Energi Juang News, Jakarta- Seorang pria yang mendaki di kawasan Gunung Dempo, Kota Pagar Alam, Sumatera Selatan, diamankan petugas gabungan setelah diduga mengintimidasi sejumlah pendaki. Insiden tersebut sempat memicu keresahan, namun seluruh korban berhasil menyelamatkan diri tanpa mengalami luka serius.

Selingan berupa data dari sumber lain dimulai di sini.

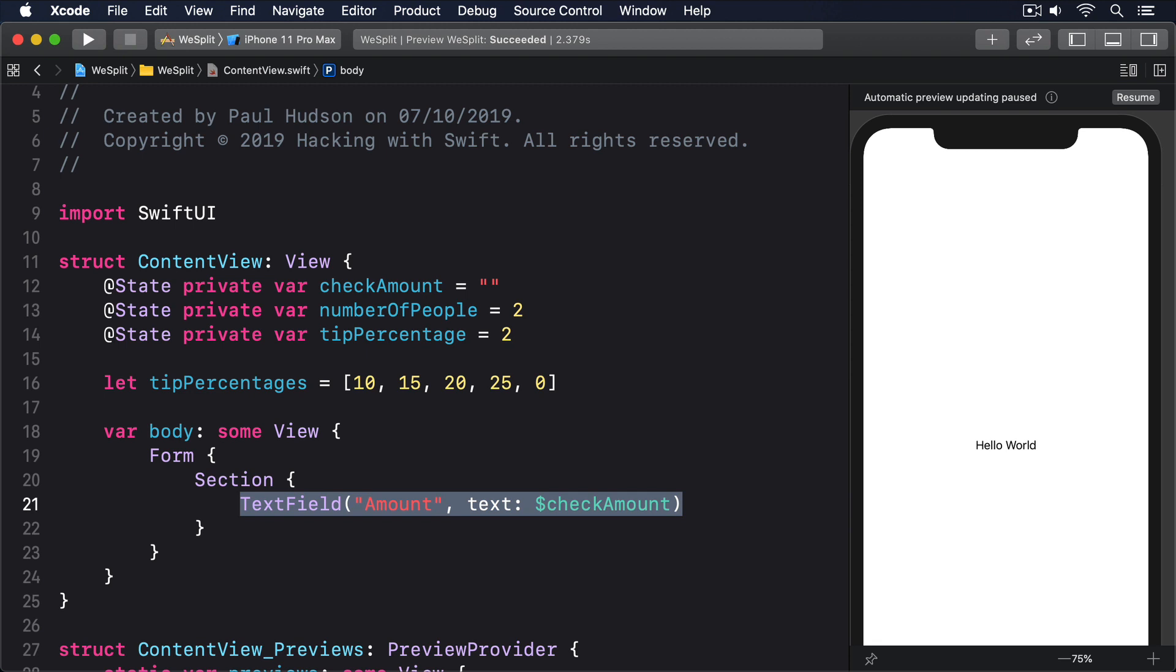One of the great things about the @State property wrapper is that it automatically watches for changes, and when something happens, it will automatically re-invoke the body property. That's a fancy way of saying it will reload your UI to reflect the changed state, and it's a fundamental feature of the way SwiftUI works.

Pria Bawa Senapan Angin di Gunung Dempo Diamankan
Pria berinisial R itu diamankan oleh tim gabungan setelah dilaporkan mendaki sambil membawa senapan angin. Informasi tersebut diterima Balai Registrasi Gunung Api Dempo (Brigade) dari para pendaki yang berada di lokasi.
Ketua Brigade, Dian Saputra, mengatakan pihaknya bersama Basarnas, BNPB, dan TNI langsung melakukan pendakian untuk menindaklanjuti laporan tersebut. Setelah melakukan penyisiran, tim berhasil menemukan dan mengamankan R pada Senin (27/7/2026) siang beserta senapan angin yang dibawanya.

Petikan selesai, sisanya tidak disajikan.